The intensity level could hit an all-time high when the rugged Seattle Seahawks and San Francisco 49ers, who form one of the National Football League's fiercest rivalries, meet on Sunday for a spot in the Super Bowl.
The teams share the West Coast, the NFC West division, and are mirror images with mobile quarterbacks directing offenses with power running backs and ferocious top-five defenses that enjoy intimidating with bone-jarring hits and trash talking.
Personal rivalries in the NFC Championship game run from quarterbacks Russell Wilson of Seattle and San Francisco's Colin Kaepernick, who both carry chips on their shoulders from feeling overlooked in the NFL Draft, down to the head coaches.
Jim Harbaugh of the Niners and Seattle's Pete Carroll have been rivals since doing battle as college coaches in California when Carroll was in charge of powerhouse University of Southern California and Harbaugh turned Stanford into a power.
The Niners, who lost a heartbreaking 34-31 decision in last year's Super Bowl to the Baltimore Ravens, are the NFL's hottest team with eight straight wins but are on the road as a wild card team after finishing second to Seattle (13-3) in the NFC West.
Seattle have been virtually unbeatable at home with the backing of their formidable '12th Man,' the raucous CenturyLink Field fans who set a Guinness World Record for crowd noise in December.
Harbaugh tried to downplay his relationship with Carroll, but not his enthusiasm for the electricity surrounding the game.
"Animosity, no. Erroneous, erroneous," Harbaugh said about any lingering bad feelings toward his Seattle counterpart. "It's football. It's competition. It's winning."

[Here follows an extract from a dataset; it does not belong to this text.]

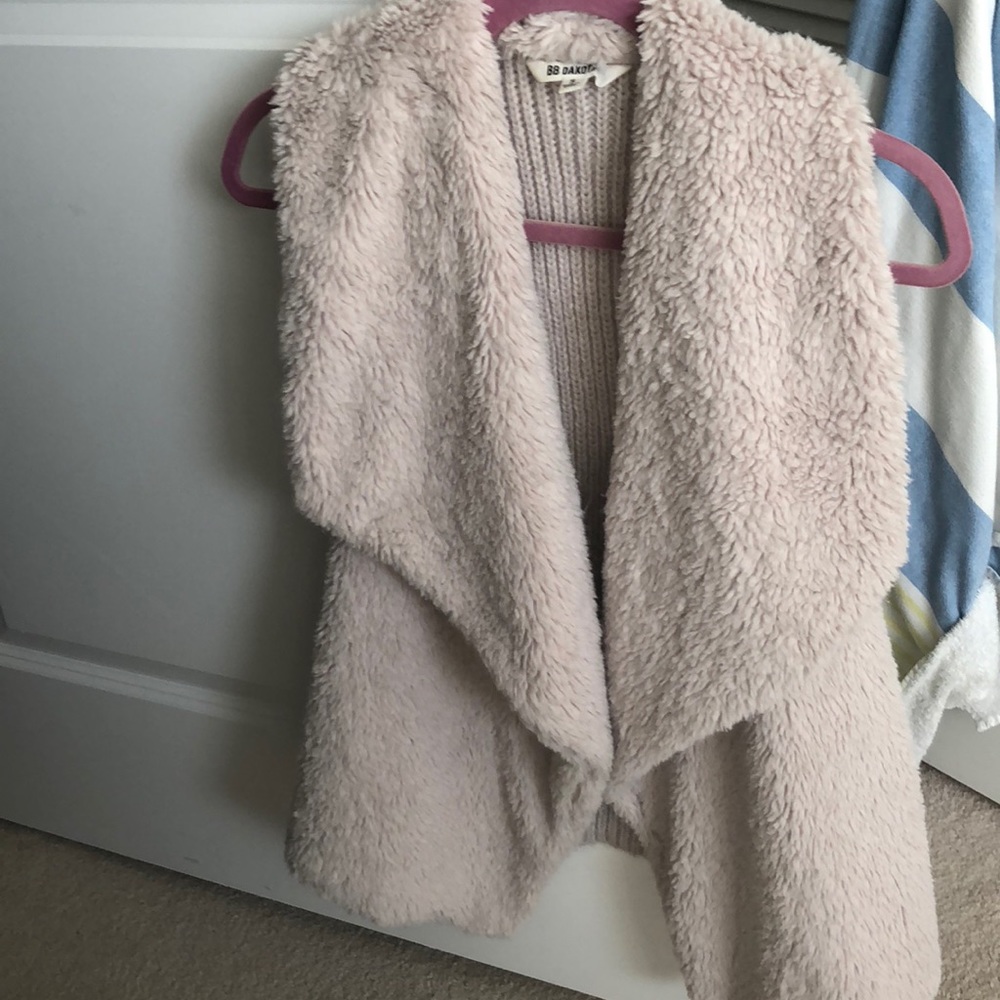 Faux fur vest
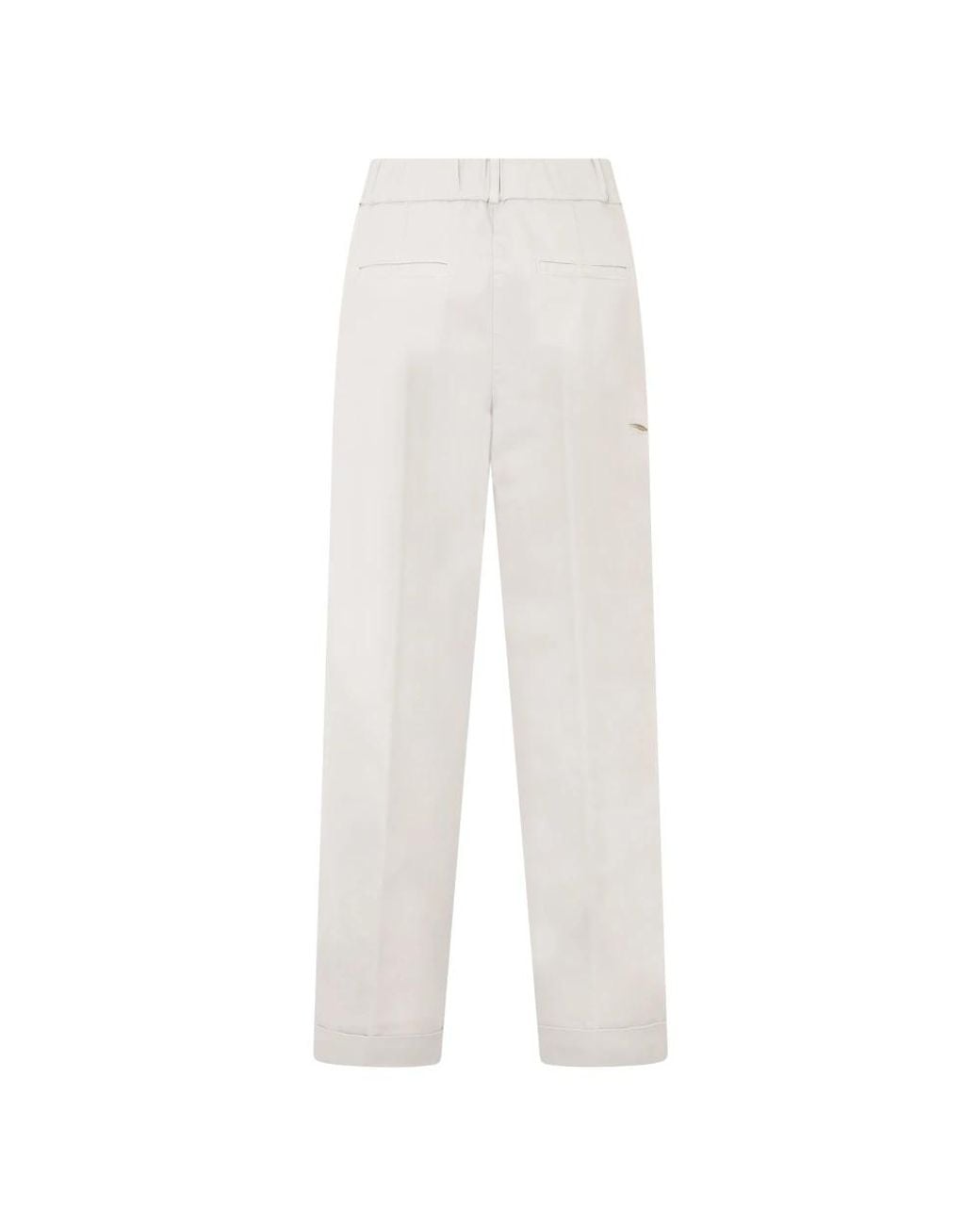 Peserico White Wide Trousers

Former NFL quarterback Harbaugh said his team was excited about the challenge.
"This kind of game, I was thinking of the things I would trade to be able to compete as a player," he said. "I was thinking like a body part. Could I do without an arm?"
The Niners have been preparing to deal with the noise factor.
"You've got to be able to communicate without being able to hear very well," Harbaugh said. "You can simulate that somewhat in practice. Signals, hand signals, verbal signals, body language, reading lips, different ways."
San Francisco (12-4 in the regular season) split their two games this season against the Seahawks, but have been blown out in their last two games in Seattle by an aggregate 71-16.
Niners center Jonathan Goodwin said the solution was simple. "He just has to be louder," Goodwin said about signal caller Kaepernick. "There's really no special tricks."
Poise rather than noise could make a key difference according to one Seahawks player, who said the team that loses composure could suffer damaging penalties in the ratcheted up emotion of their NFC title clash.
"It just comes down to poise," Seahawks tight end Zach Miller told reporters.
"You have to understand the situation and keep your emotions in check. You want to play with fire and passion, but when the whistle blows you have to shut it down — no matter what happens."
The Seahawks, whose defense ranked No. 1 in the NFL in both fewest points and yards allowed, have been virtually unbeatable at home, winning 16 of their last 17 games in Seattle.
Seattle's offense has relied heavily on running back Marshawn "The Beast" Lynch in recent weeks. Wilson threw for only 103 yards in the Seahawks' 23-15 win over the New Orleans Saints in the last playoff round and is facing the league's third-ranked team in points allowed.
Big play receiver Percy Harvin was still not cleared to practice with Seattle on Thursday after suffering a concussion last Saturday against New Orleans.
While San Francisco has a more dangerous crew of receivers for Kaepernick with the return of Michael Crabtree to join Anquan Boldin and tight end Vernon Davis, the Seahawks take a back seat to no one on defense.
Seattle led the NFL with a plus-20 mark in turnover differential thanks in part to a suffocating defensive secondary led by cornerback Richard Sherman and safety Earl Thomas.
"There is no love lost, there is no love found," Sherman said about the Seahawks' feelings about the 49ers.
"That's how I'd characterize it. It's going to be intense. It's going to be physical. I don't know if there are going to be handshakes after this one."